Tetapi anehnya, sudah tahu sulit tapi banyak yang mengerjakannya. Bahkan jalannya ikut-ikutan canggih mengikuti perkembangan zaman.
Perbudakan misalnya. Zaman dulu transaksi perbudakan dilakukian secara terbuka. Ada tawar menawar secara terbuka, hingga transaksi jual beli tuntas. Ini pun tidak termasuk dalam ajaran Islam.
Karena itulah dalam perjalanannya, Rasulullah mengajarkan pengikutnya untuk memerdekakan para budak maupun hamba sahaya.
Bagaimana dengan zaman sekarang. Sesuai keadaan zaman praktik perbudakan manusia juga lebih canggih hingga masuk ke ranah politik. Sadar tidak sadar, praktik perbudakan itu ada. Sebagaimana yang terjadi setiap perhelatan dalam sebuah pemilihan. Politik uang misalnya.

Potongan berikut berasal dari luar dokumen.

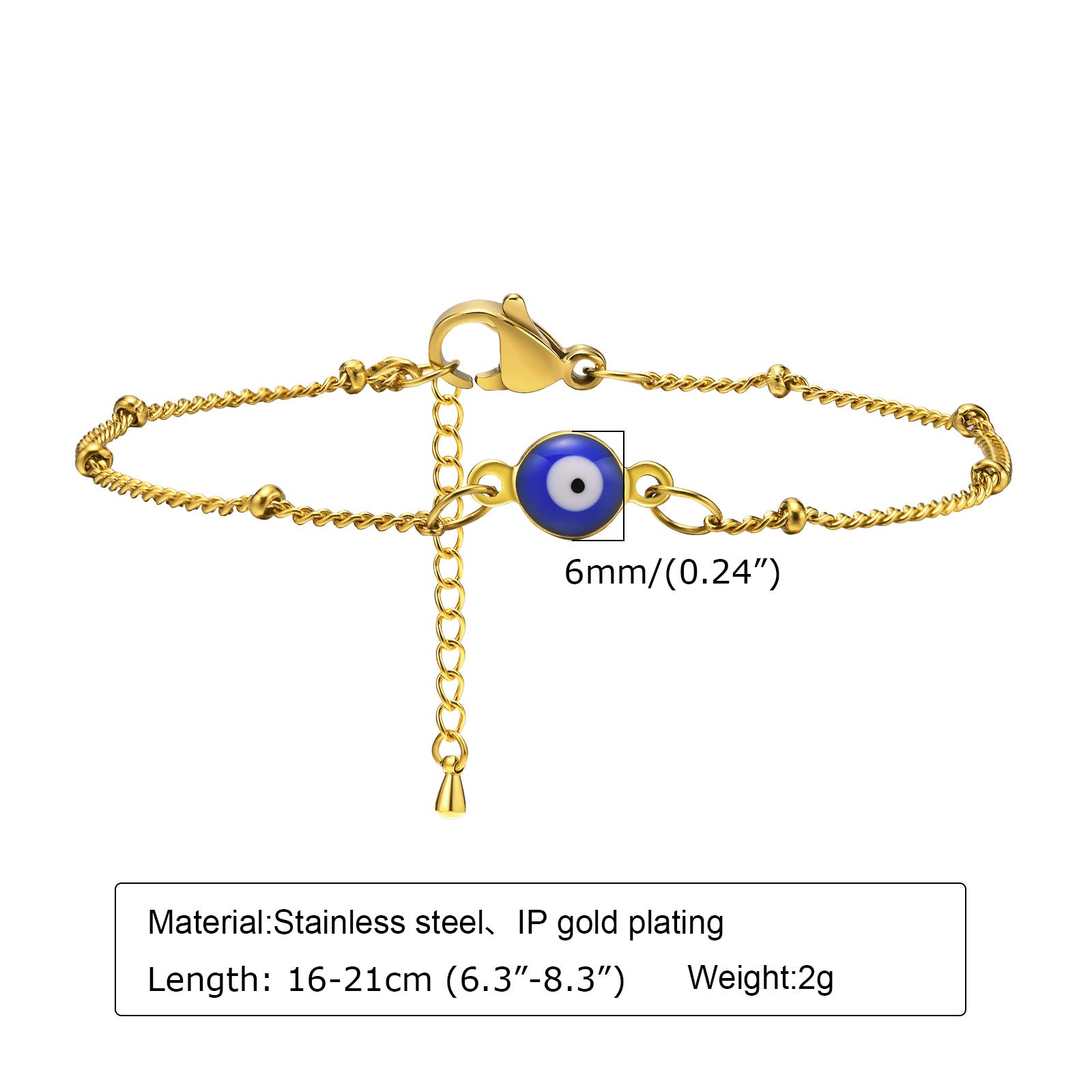 Wholesale 18K Gold Tone Stainless Steel Thin Evil Eye Chain Bracelet Minimalist Layered Design Gift Fashion Jewelry Accessory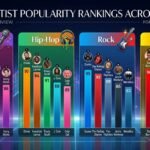 Data visualization showing Spotle artist distribution across 12 genre categories with popularity ranking tiers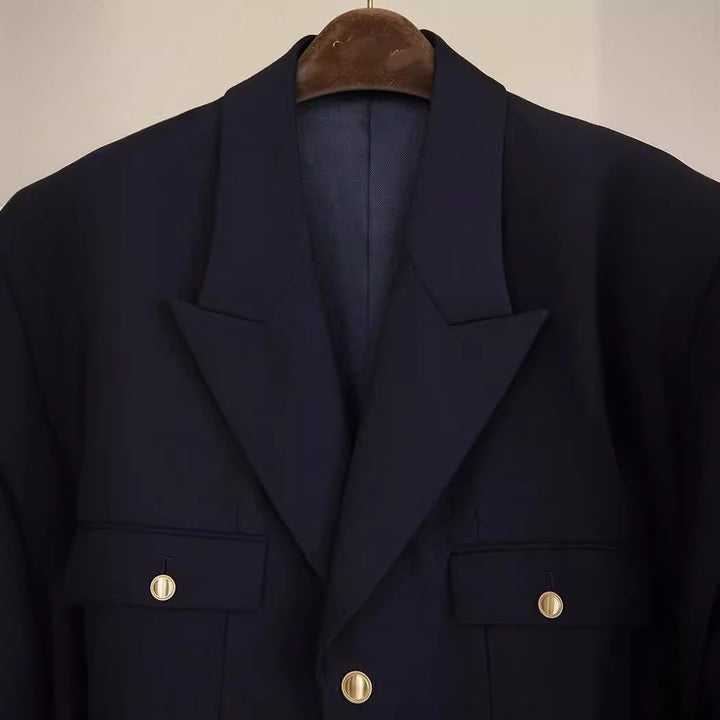 Damen Eleganter Doppelreiher Blazer Drune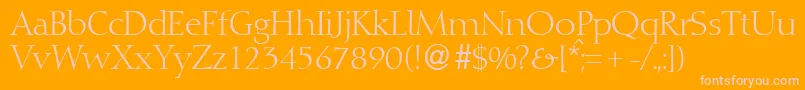 Czcionka DioscurRegularDb – różowe czcionki na pomarańczowym tle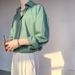 Men's Clothing INS temperament retro drape free ironing green white shirt men and women long sleeves handsome Korean version loose_viptrois.com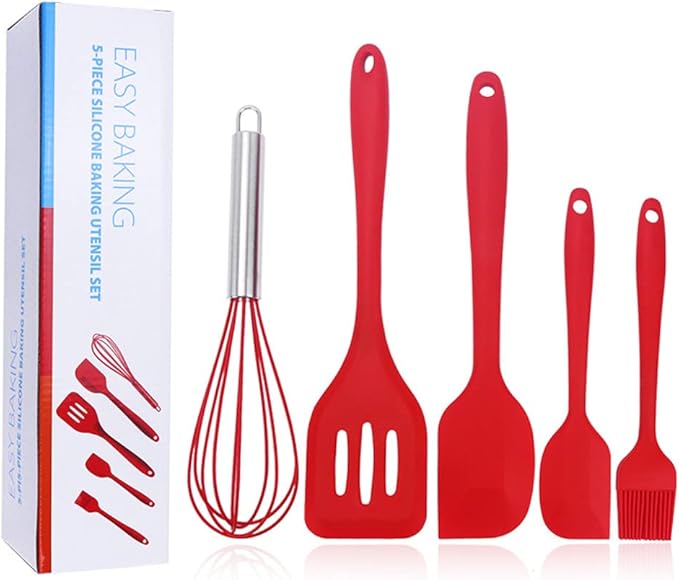 NatureMan 5 Pieces Non-Stick Food Silicone Kitchenware Utensils- Kids Cooking Sets - for Cooking Baking Mixing, Stirring-Ergonomic Dishwasher Safe(Red)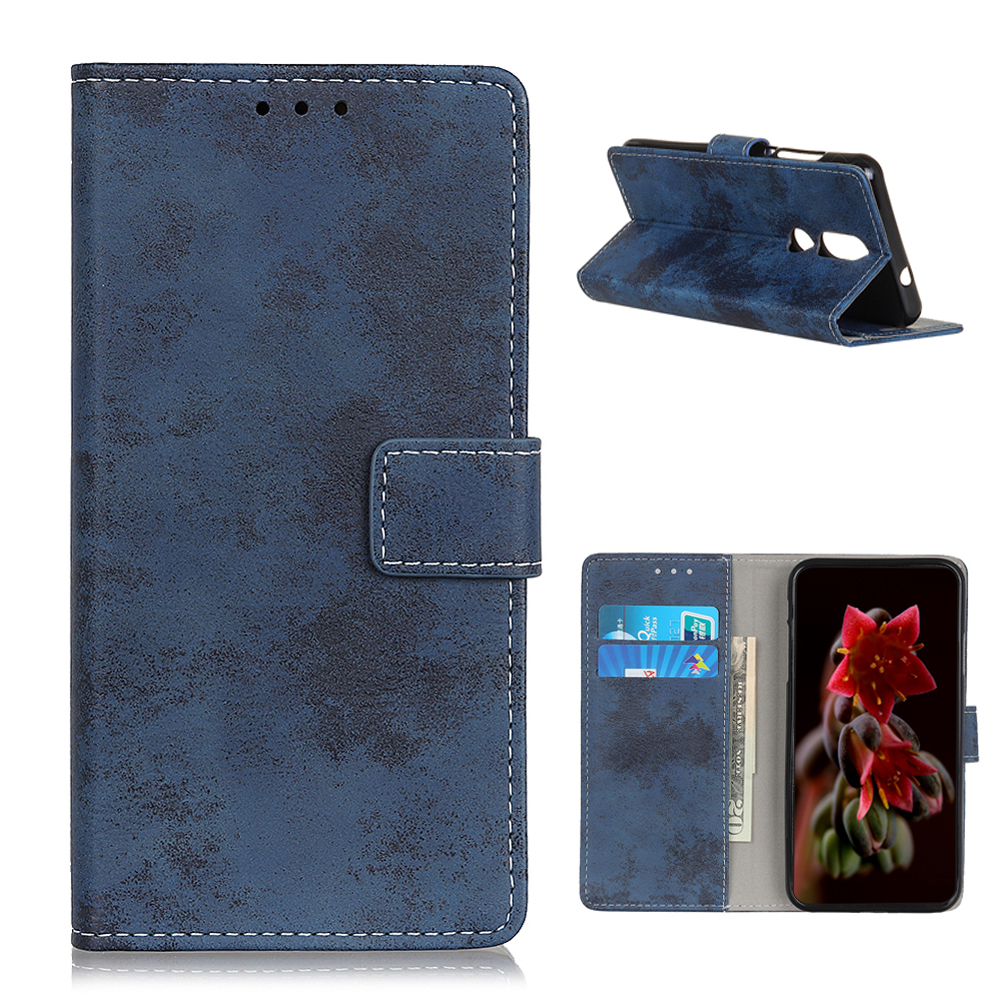 

Retro -leder -brieftaschenstand Hülle Für Nokia 2.4 Telefonabdeckung - Blau, Nokia C20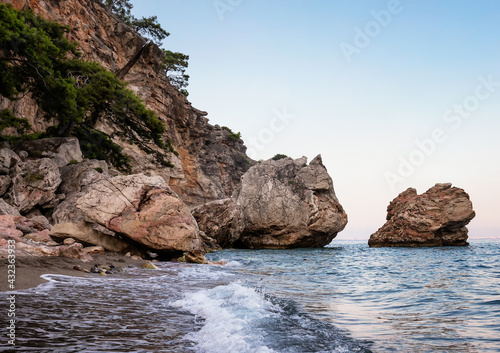 Rock and huge stones on the Mediterranean coast in Antalya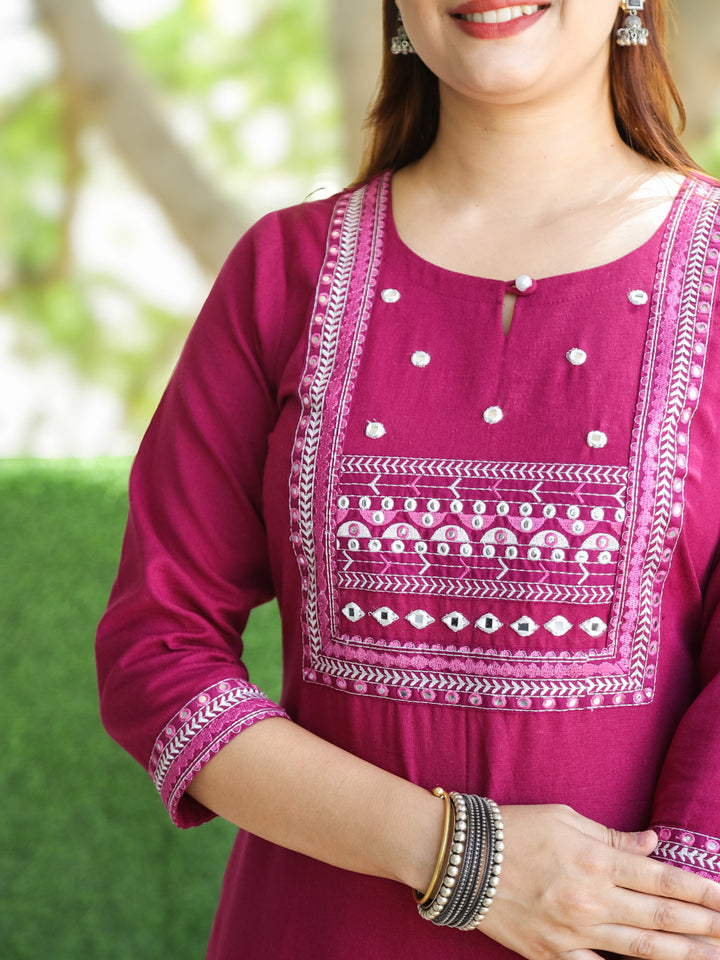 Ruksna Berry Purple Embellish Neck with Mirror in Cotton Flex Kurti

Sebut saja Si A. Dia itu bisa meraih kekuasaan dengan jalan membeli. Apa yang dibeli? Tentu saja suara pemilih yang diberi hak untuk memberikan pilihan.
Kalau kita mau jujur bukankah membeli suara itu sama dengan membeli orangnya. Dengan bermodalkan suara-suara itu pula Si A tadi bisa berhasil untuk mendapatkan tujuannya. Kalau sudah begitu bukankah Si A tadi menikmati hasil dari aktivitas yang diawali dengan membeli suara tadi?
Pendeknya praktik ini bukankah sama dengan perbudakan. Lebih cocok perbudakan modern. Terasa tapi tidak terlihat dan sulit untuk dibuktikan dengan hukum negara.
Lebih tak elok lagi, ketika sudah berhasil mendapatkan tujuannya, para pemilik suara tadi sebagian besar ditinggalkan begitu saja. Dengan alasan apa lagi, kalau bukan kalimat “Saya memperoleh jabatan kekeuasaan dengan cara membeli”. Ngeri kan.
Lebih mengerikan lagi karena praktik-praktik semacam ini juga terjadi di Negeri Serambi Makkah. Negeri yang sejak ratusan tahun lalu dikenal sebagai negeri yang syarat dengan ajaran Islam sebagaimana yang sudah patronkan para pendiri negeri (Ulama dan Guru).
Alhamdulillah, kita semua masih diberikan kesempatan untuk menemui moment untuk membuktikannya. Ya, saat inilah moment itu, Pemilu 2024. Silahkan pilih sendiri, pemerintah sudah memfasilitasnya. Mau jalan surga atau jalan neraka.